A nested question

I currently attend a top-10 public institution as a declared mechanical engineering major. However, I really want to transfer due to multiple justifiable and reasonable reasons, but my first quarter GPA was completely wrecked owing to a complete overload of courses (typical first quarter first-years take 12-14 units/3-4 courses, I took 21/6 courses): a 2.86.

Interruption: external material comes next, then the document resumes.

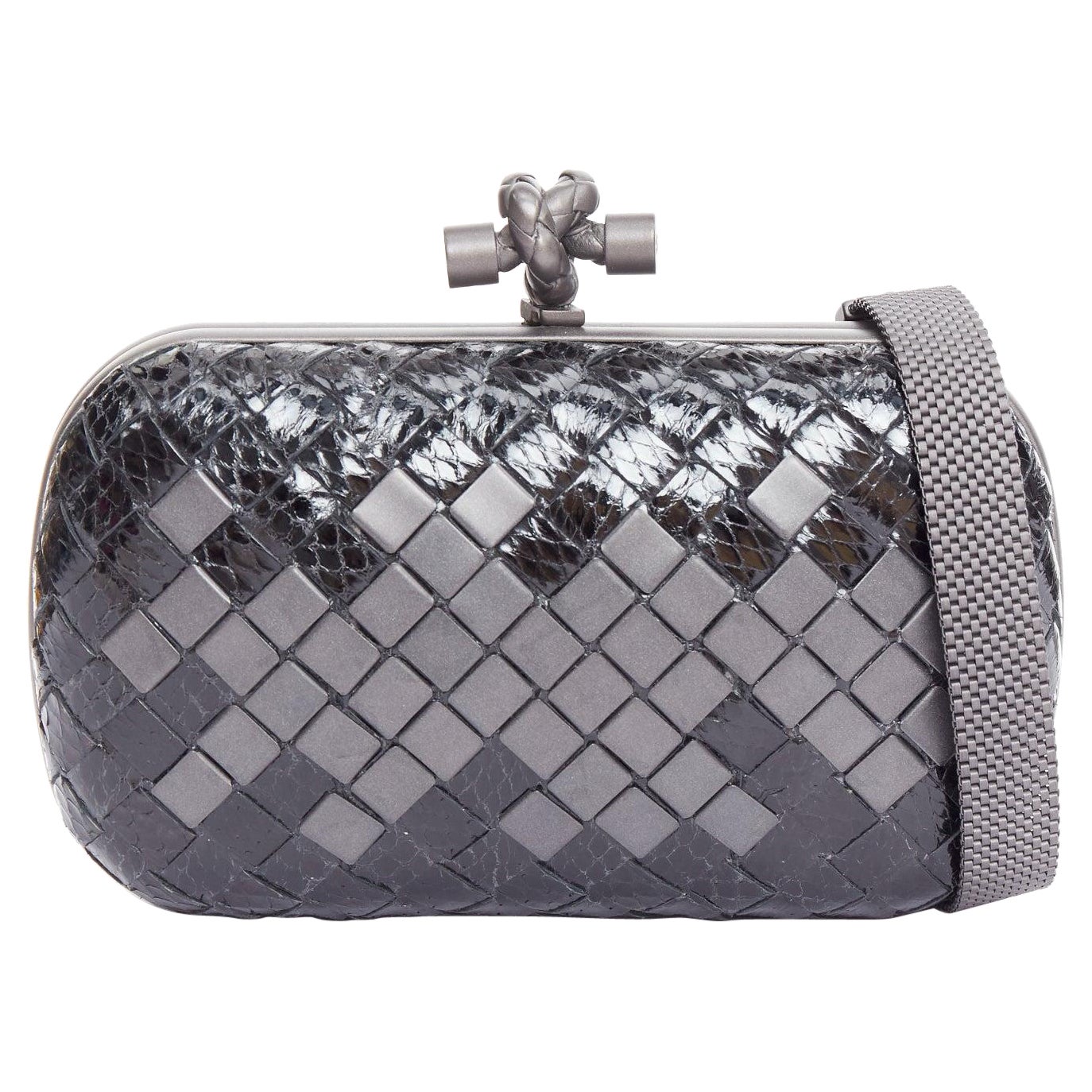 BOTTEGA VENETA Mosaique Box Knot ayers leather intrecciato woven metal clutch For Sale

The courses are as follows:
Math 4A/Linear Algebra - C
Advanced Programming for Engineers - C
Technical Writing for Engineers - A
Gen. Chem 1A + lab - B, A
Seminars - A

Next quarter should be a tad simpler (still 6 courses, but courses that I will deeply enjoy), enough for me to pull all A-.

My college record:
Cycling team captain
Art contributor to school projects (e.g. donating art for exhibits)
Gun team captain
Will become a Marine officer post-college
Intending to double major in art/design
Founder of a bike recycling programme that helps police officers take stripped, abandoned bikes off bike racks, which are then refurbished and donated to students in need
Will become a lab assistant in the Spring

My high school record:
3.63UW, 4.3W
10/273 ranking, inner city public school in a neighbourhood of gang violence
Nearly all honours and AP courses for Years 2-4 of HS
Did independent research in rural China regarding simple water filtration devices
Co-founded a microloan/microfinancing group for poor rural farmers in China
A relatively unusual minority: Chinese Muslim
Commanding officer of a brigade-sized JROTC unit (O-6 level)
A pretty gifted artist
An experimental musician
Really, really poor

  1. Because I'm an engineering major with a school that grades extremely tough on all STEM majors owing to too many students, would any schools [that are listed below] still consider me to be a relatively "okay" applicant?
  2. What reasons did you successful transfer students have that weren't the generic "I wasn't happy here"?
  3. Does it really matter where you go to college?

Columbia/Fu Foundation
Brown
Vanderbilt
Emory
Rice
Duke
UPenn SEAS
Cornell SEAS
JHU
NYU

First of all I’m a prospective transfer student like yourself, probably transferring after my sophomore year so take this advice as you will.

  1. All the schools you have listed are pretty competitive (except maybe NYU, Emory, Vanderbilt as there transfer rate hover around 30% but even then it is hard). Your GPA with a 2.86 would unfortunately most likely automatically ding you from the start. There are alot of talented students that are gunning for those few transfer spots and even if you went to a college like UCB (top 10 public) a 2.86 would have nothing to show for unfortunately.
  2. For the most generic successful transfer student it is because of academic reasons (such as your institution not offering the program/major you wanted).
  3. Well...this really depends on what your post graduate plans are and how your GPA is shaping up to be.

Why do you want to transfer?

I don’t mean to be harsh, but I highly doubt you will get accepted into any of those schools, given your first quarter’s GPA. It’s probably best to stay where you are.

Also, 6 classes per quarter seems far too intense, especially at a top 10 university. Don’t take so many, seriously. It will most likely have adverse affects on your GPA, regardless of whether you deeply enjoy the classes or not. Limit it to 3, 4 classes, max.

I never recommend first year engineering or physics students at my university to take more than 4 courses. The load is already heavy as it is and it only sets them up to be in a GPA hole. You need to back off the load and improve your GPA before applying elsewhere. Plus you need a really good reason to transfer.